* **What the task asks**:
From the first line to the last, restate the material word for word, omitting pictures.

* **Recorded information**:
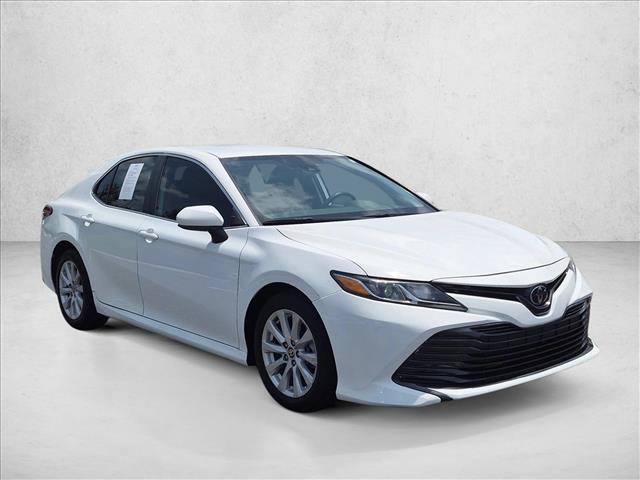 Used 2020 Toyota Camry LE FWD image 3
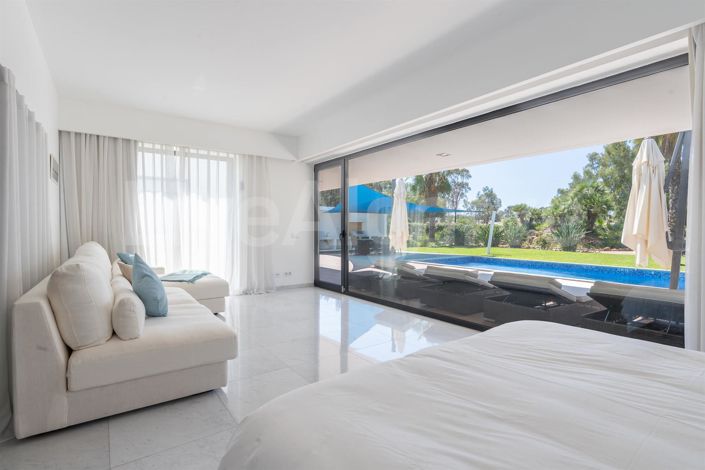 Image No.32-4 Bed House for sale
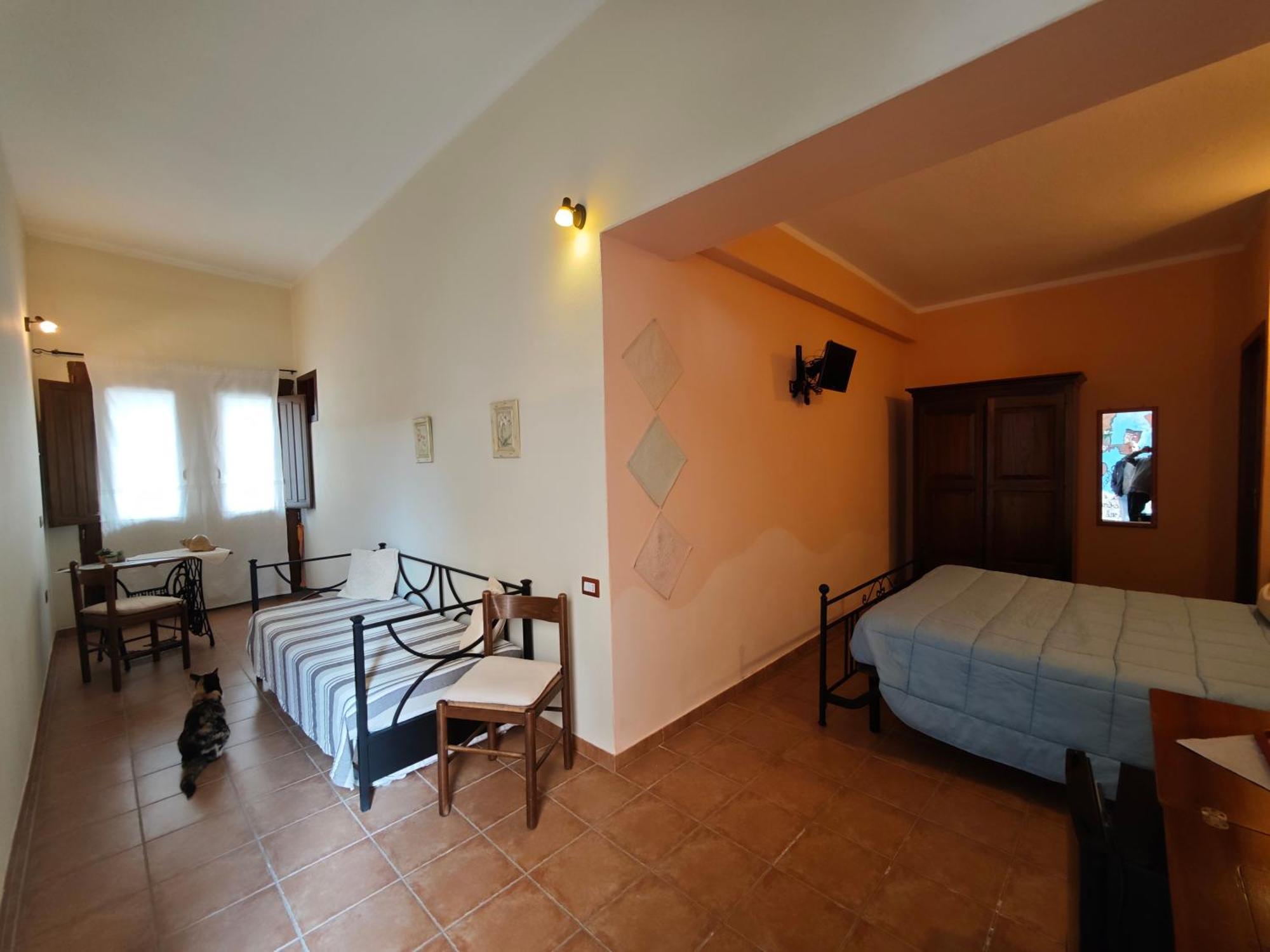 B&B Domu Delunas Giba Luaran gambar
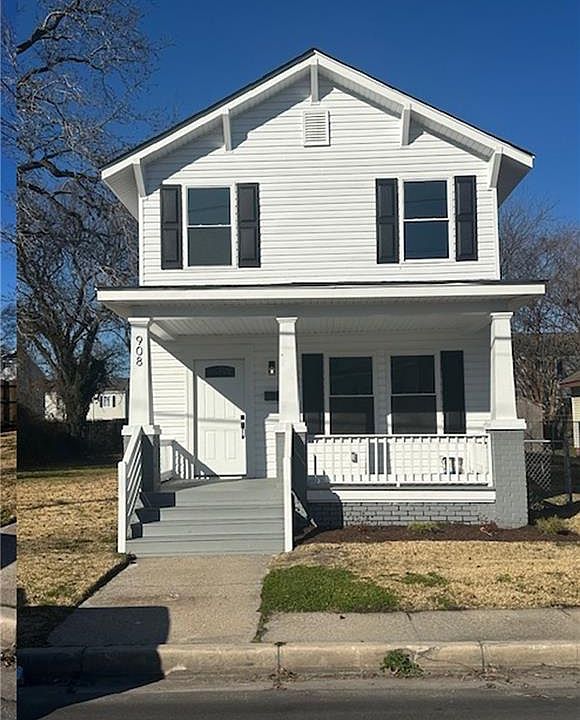 1st image of 908 Lincoln St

* **Response to the task**:
 Used 2020 Toyota Camry LE FWD image 3
 Image No.32-4 Bed House for sale
 B&B Domu Delunas Giba Luaran gambar
 1st image of 908 Lincoln St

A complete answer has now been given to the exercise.